Nonostante l’ondata di investimenti nei diversi campi del digitale, continuano a mancare professionisti e specializzandi in grado di cogliere pienamente e rapidamente le opportunità lavorative ed economiche derivanti dai cambiamenti radicali degli ultimi anni. Si chiama “digital mismatch lavorativo“, un fenomeno che sta portando le aziende a cercare professionisti all’estero e che rischia di far saltare i finanziamenti del Piano nazionale di ripresa e resilienza (Pnrr) a causa della carenza di manodopera specializzata. Il nodo della questione sembra essere nel sistema dell’istruzione e della formazione, dove i numeri dei laureati nelle materie Stem e Ict rivelano un quadro complessivo con scarsi miglioramenti e con valori medi ancora estremamente esigui rispetto agli standard europei.
PNRR E GLOBALIZZAZIONE: COMPETENZE DIGITALI CERCASI
In un mondo sempre più globalizzato e interconnesso, le competenze digitali non sono solo uno dei pilastri di democrazia e connettività, ma anche una delle chiavi per la garanzia di competitività professionale e lavorativa a livello internazionale. L’attenzione su questo tema è ormai più che ventennale, con piani di investimenti volti alla formazione di esperti e tecnici diventati gradualmente sempre più consistenti e strutturati. È stato tuttavia lo shock della crisi pandemica, insieme all’ingente quantitativo di investimenti europei e nazionali destinati alla cosiddetta rivoluzione digitale, ad aver generato una spinta propulsiva decisiva per una piena considerazione di tali temi con riferimento tutte le fasce della popolazione. Nel Pnrr è previsto che circa 40 miliardi dei finanziamenti destinati all’Italia siano dedicati proprio al campo della transizione digitale, la seconda voce di spesa più consistente di tutto il piano di investimenti per la ripresa. Di questi, ben sette sono specificatamente destinati al settore del capitale umano. Le numerose attività trasferite su piattaforme digitali, sommate alla grande mole di dati dal valore sempre maggiore, hanno reso urgente la reperibilità di professionisti e specializzati non solo per la diffusione e applicazione delle tecnologie abilitanti (intelligenza artificiale, Internet of Things, Cloud), ma anche per la sicurezza nel trattamento di dati e transizioni digitali.
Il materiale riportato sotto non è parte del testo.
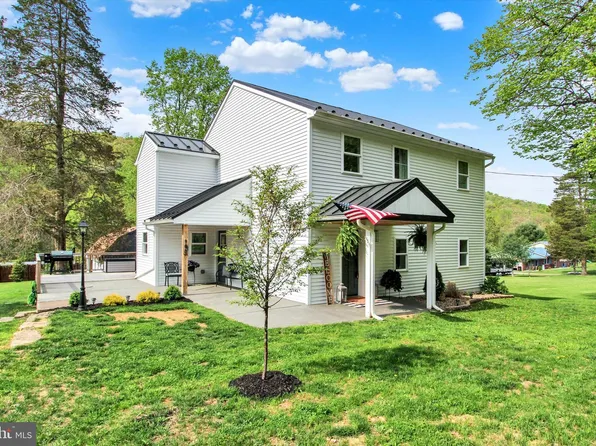 988 Clouser Hollow Rd, New Bloomfield, PA 17068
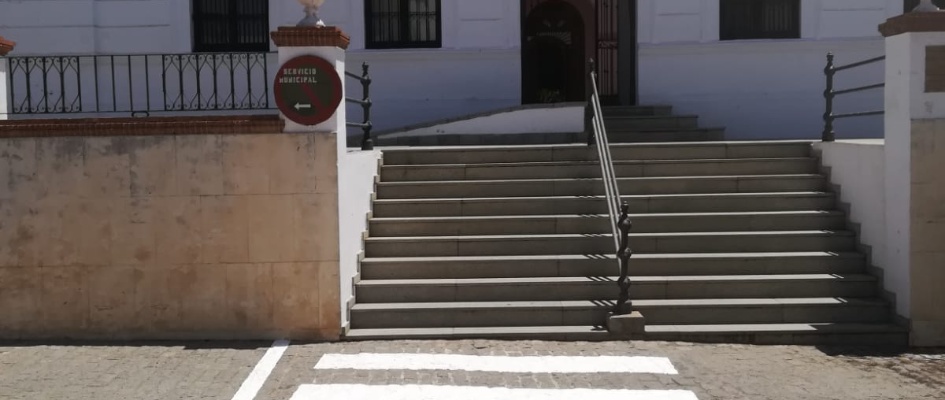 Pintura_pasos_peatones_julio_2019_x1x.jpeg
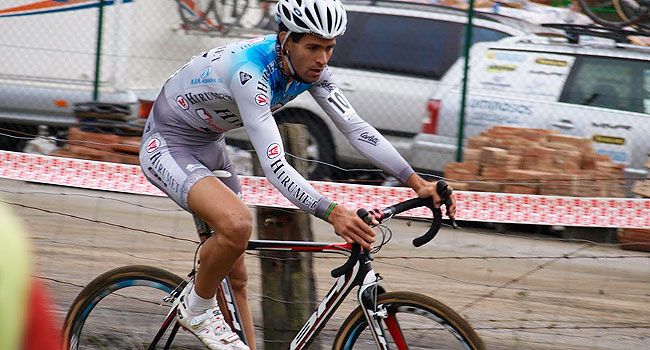 Egoitz Murgoitio e Isaac Suárez suben en la clasificación de la UCI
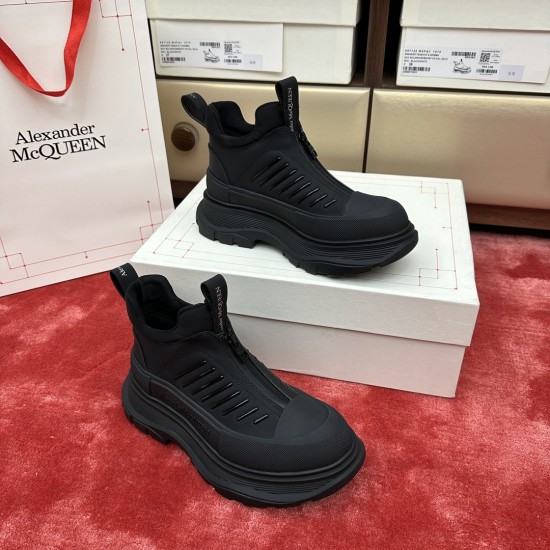 McQueen Casual Shoes Top Quality
Women 35-41
Men 39-45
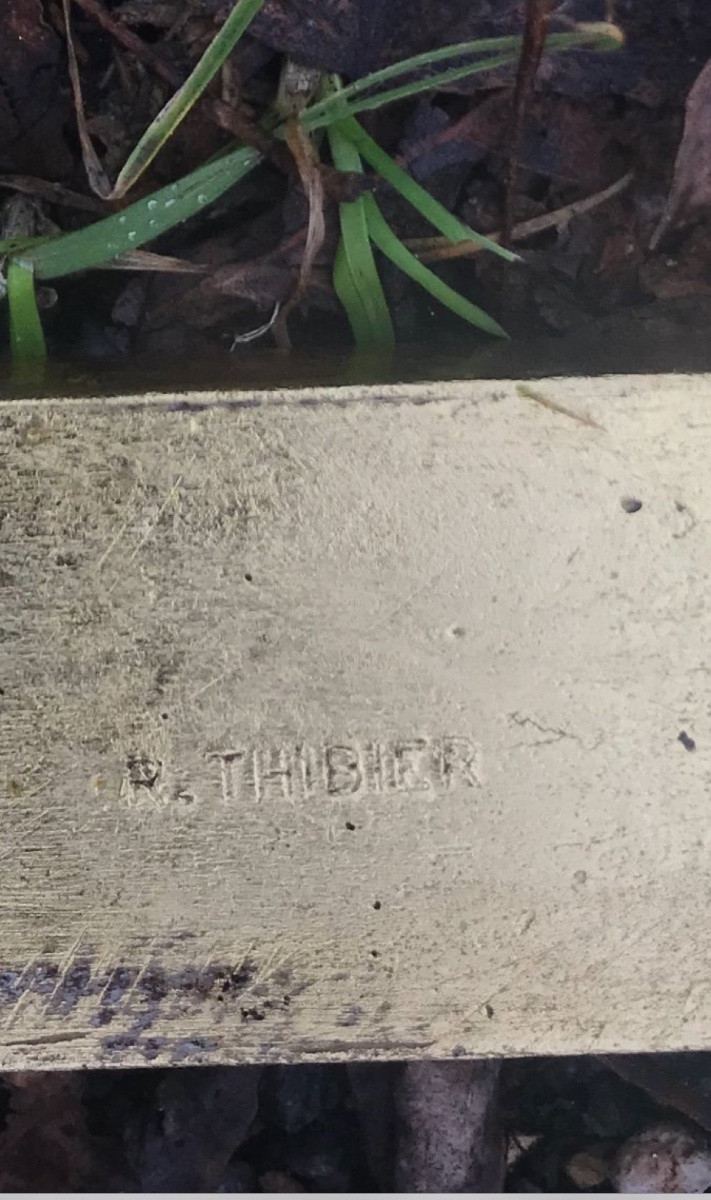 Table de Roger Thibier en fer doré.-photo-3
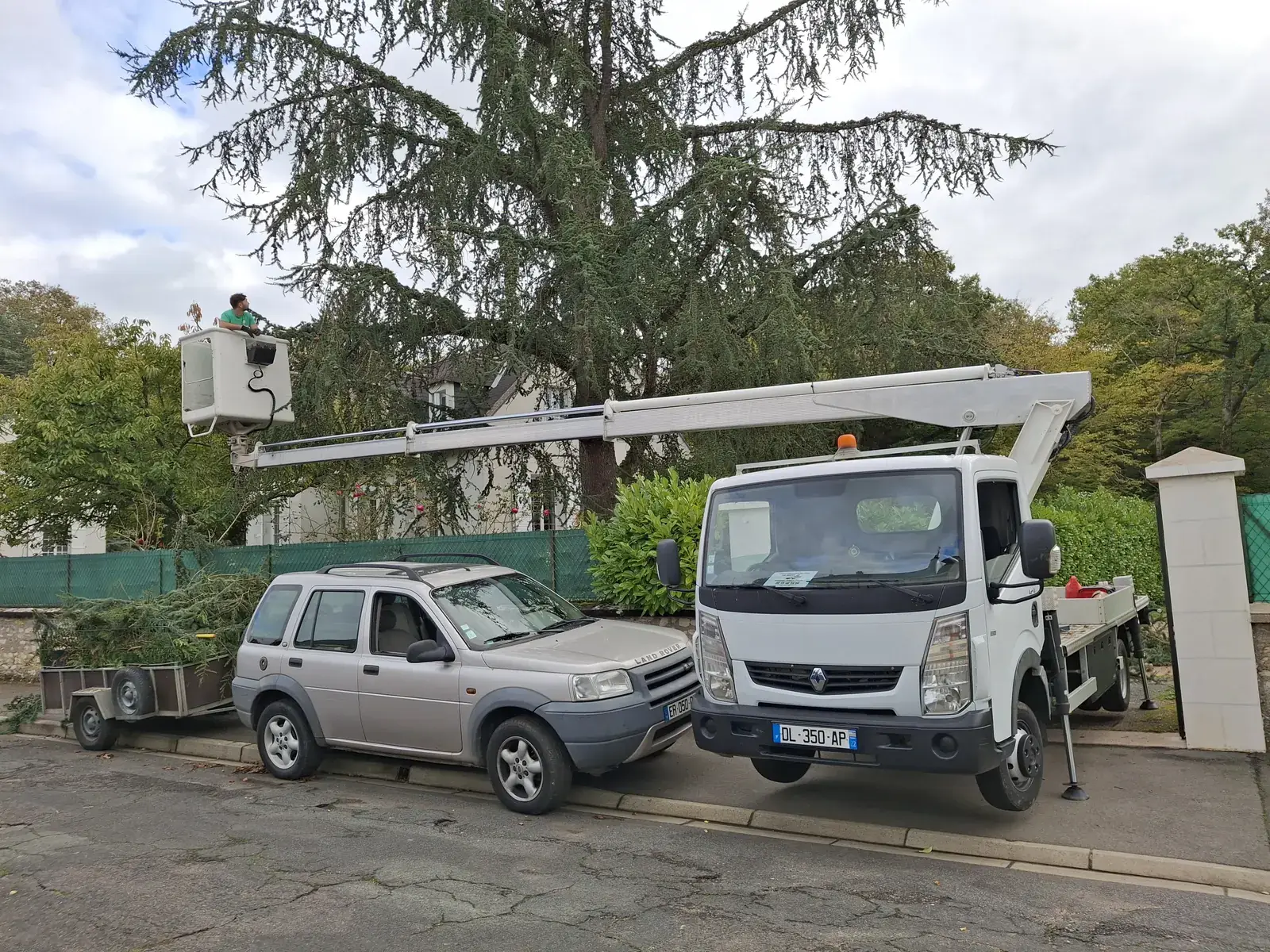 Camion nacelle du Carré Vert déployé sur un chantier d'élagage en Indre-et-Loire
IL DIGITAL DIVIDE IN ITALIA
La scarsa propensione alla tecnologia e al digitale della popolazione italiana è ormai un fenomeno abbastanza noto. Negli ultimi dati DESI (Digital Economy and Society Index), risalenti al 2020 (quindi utili ad avere un quadro comparativo pre-pandemico della situazione), l’Italia risultava al 25° posto tra i 27 Stati membri dell’Unione europea nella classifica complessiva sulla digitalizzazione dell’economia e all’ultimo posto in termini specifici di capitale umano e della società con un impressionante 17% della popolazione che dichiarava di non aver mai navigato in rete (contro una media europea del 9%).
Grave è anche il quadro relativo alle fasce professionali e specializzate: secondo i dati Eurostat, nel 2020 circa il 48% della forza lavoro non possedeva competenze digitali almeno di livello base e soltanto il 15% delle imprese italiane ha offerto occasioni di formazione e accrescimento delle competenze Ict ai propri dipendenti.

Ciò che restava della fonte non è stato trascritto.